Like yesterday, I don’t know what reminded me to give Burlington Northern Santa Fe Corp (BNI) another look. I don’t see it in my notes and seem to remember coming across it on my spreadsheet I use to track potential returns. I’ve traded on it before and on Sunday, June 1st, I entered a limit order to try it again. Everything changed for the chart today though. BNI gapped down below yesterday’s low at the open and went straight down after that coming very close to the 50 day moving average before finding some footing. The low from this morning also coincides with the longer trend line of higher lows that started in January of this year, nearly six months ago.
BNI has followed a strong trend line of higher lows since April and also used the 20 day moving average as support a few times. The 10 day moving average was weaker, but still showed a little guidance for the stock’s continued climb up. BNI had a hard time getting up and over the $100 mark, but once it did that same ceiling became a floor. I expect the 50 day moving average to hold support and if it does not, I think 100 will be another point of support for it.

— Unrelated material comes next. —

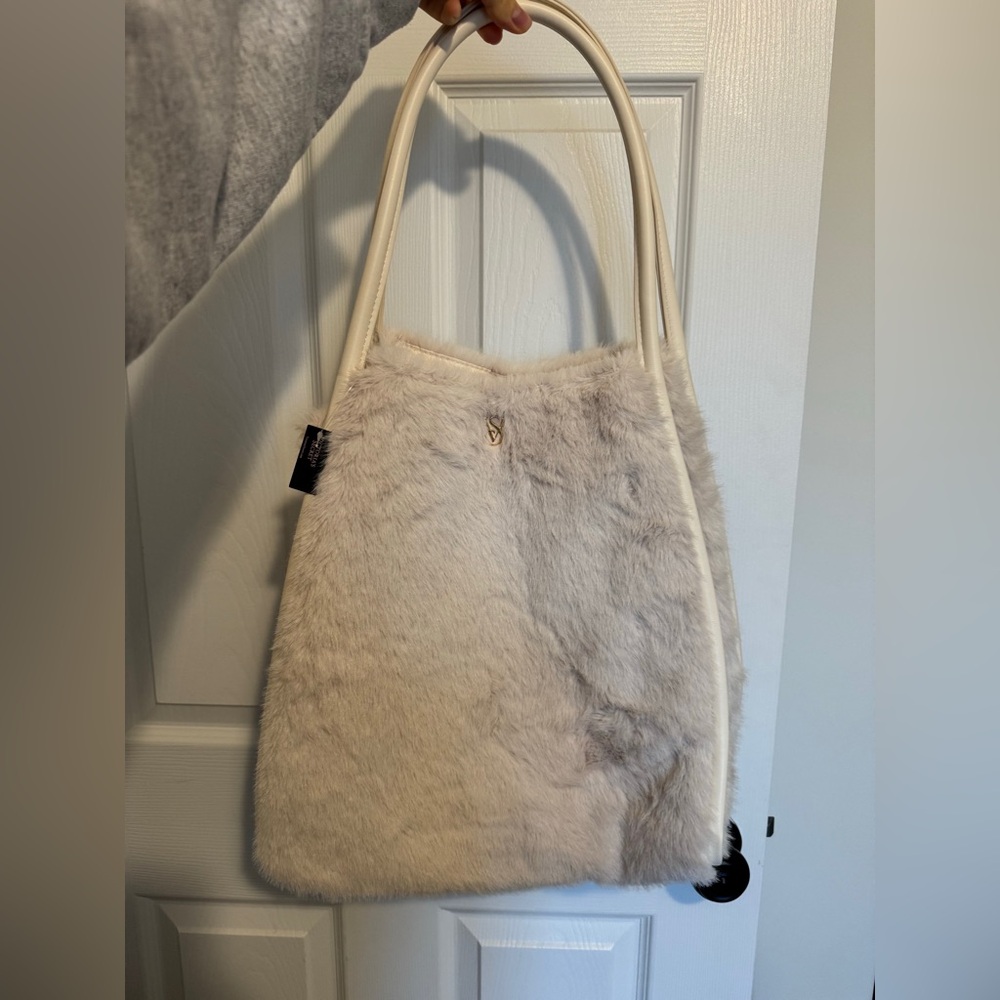 New Victoria’s Secret tote bag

While BNI was trading at 107.61, I sold one BNI July 105 naked put (BNISA) and received $339.25 after commissions. BNI went as low as 104.58 this morning before starting to recover. My option, BNISA, traded as high as 4.80, clearly showing I chose the wrong price for my limit order from 11 days ago. At least I wasn’t anxious back then. I could be sitting on a much bigger paper loss. BNI is still trading out of the money for me, but if I had it to do over, I’d have sold the July 100 puts instead. I’d make less, but would have a deeper cushion to work with. The 100 strike July puts are trading around $2.50 for anyone who thinks the worst is over for this fall. Worth a few extra cents, BNI pays a dividend yielding around 1.1%. It’s nothing to write home about, but I’ll take it if my naked put is assigned and I end up writing covered calls on it.